WHAT THE TASK ASKS :: Only the text belongs in the copy. Transcribe the data exactly and drop any pictures.

INFORMATION SUPPLIED ::
================
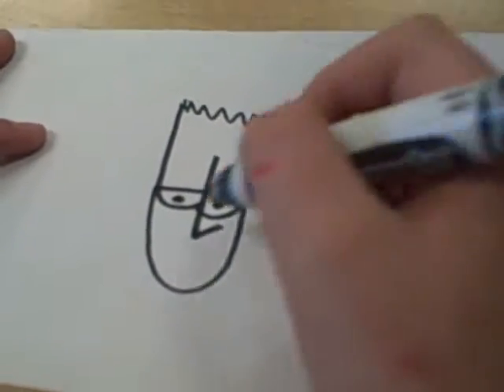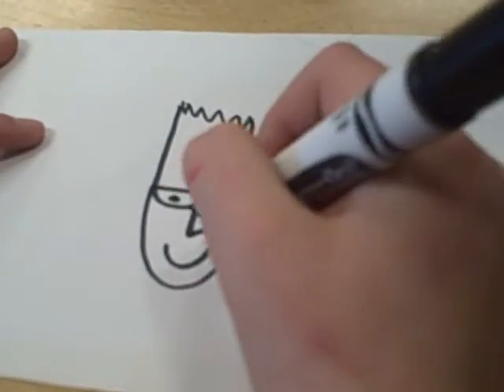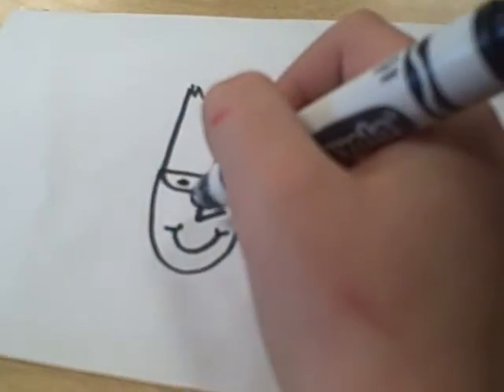Then, draw a smiley face. Finally, make ears that look like ears.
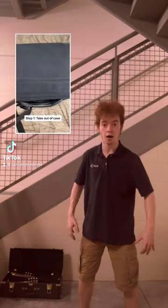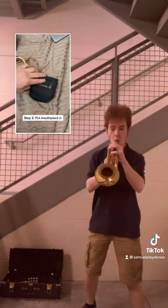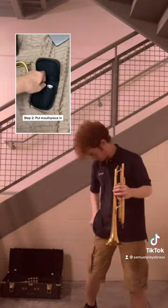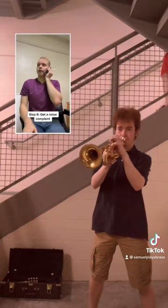Play the trumpet. Take it out of the case. Two. Put mouthpiece into trumpet. Okay. Take care.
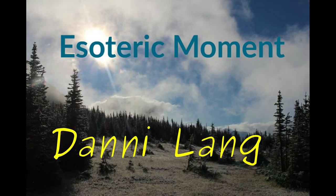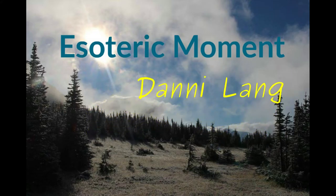Hi, my name is Dani, and welcome to Esoteric Moment. Today I have another book review, and it is for hand fasting. This book is called Welcoming Hera's Blessing: Hand Fasting and Wedding Rituals.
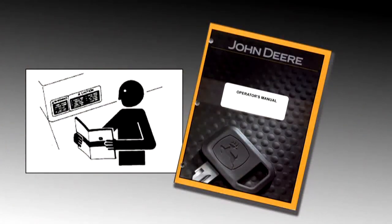This concludes the control section of this video. Be sure to review the operator's manual before operating.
================
ANSWER TO THIS EXERCISE ::
Then, draw a smiley face. Finally, make ears that look like ears.
Play the trumpet. Take it out of the case. Two. Put mouthpiece into trumpet. Okay. Take care.
Hi, my name is Dani, and welcome to Esoteric Moment. Today I have another book review, and it is for hand fasting. This book is called Welcoming Hera's Blessing: Hand Fasting and Wedding Rituals.
This concludes the control section of this video. Be sure to review the operator's manual before operating.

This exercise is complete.